I recently took my husband and two of my daughters to see Hidden FiguresThe story of these women mathematicians inspired my husband to go out and buy the nonfiction book on which the movie is based. His report is that the movie goes way beyond the more grounded details of the real-life story. But I find myself thinking about how, fictionalized, dramatized, whatever it is that movies do in order to jump from “based on a true story” to the big screen, I was perfectly satisfied. I loved the movie and I found the main character–based on the real life person–of Katherine Johnson to be…well, epic. (And, reading about her on-line to make this post, I’m still blown away by her accomplishments.)

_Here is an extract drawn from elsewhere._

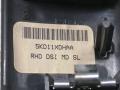 56010204AE Кнопка Jeep Cherokee 2007г. - фото №11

One of the things I have been thinking about is how, whether or not NASA had separate coffee pots for African Americans, let alone separate bathrooms, these inequalities did exist in the 50s and 60s. They were pervasive. What exactly did Johnson do? If she didn’t save the mission in the nick of time,  it strikes me as a miracle that she wound up at NASA at all, that she was able to attend college, that she had mentors along the way who looked at her and saw her, saw her potential rather than the limitations of her gender or her race, given the times she was born into.

Everything the movie wanted to dramatize, to make larger than life, to emphasize as a story, could be traced back–that’s what I found myself thinking–to some small choices chosen by, the small steps taken by, Johnson and the adults in her life when she was a child.

A space mission is not one big thing, and it can’t be reduced to a flashy image of Neil Armstrong walking on the moon, nor can it be reduced to a single person’s mathematical calculations. It is made up of many, many small steps, by many people working together.

Raising a child has been a lot like that for me, and writing books is like that, too.

When you pick up a book, you’re looking at a kind of dramatization of extended effort. It’s as much a symbol as it is an object. One day an author sat down to a blank screen or with a new notebook and a favorite pen and began to write. The next day, she wrote a little more. Eventually it had to be rewritten and polished. Beta-readers had to be found and editors and maybe an agent. Someone had to make a decision to publish the book. All of these are fortuitous choices that you, reading Lincoln in the Bardo or Gone Girl or The Unlikely Pilgrimage of Harold Fry, benefit from.

Yes, you can write a book. Just not today, not all at once.

As my mother used to say, “Sooner begun, sooner done.”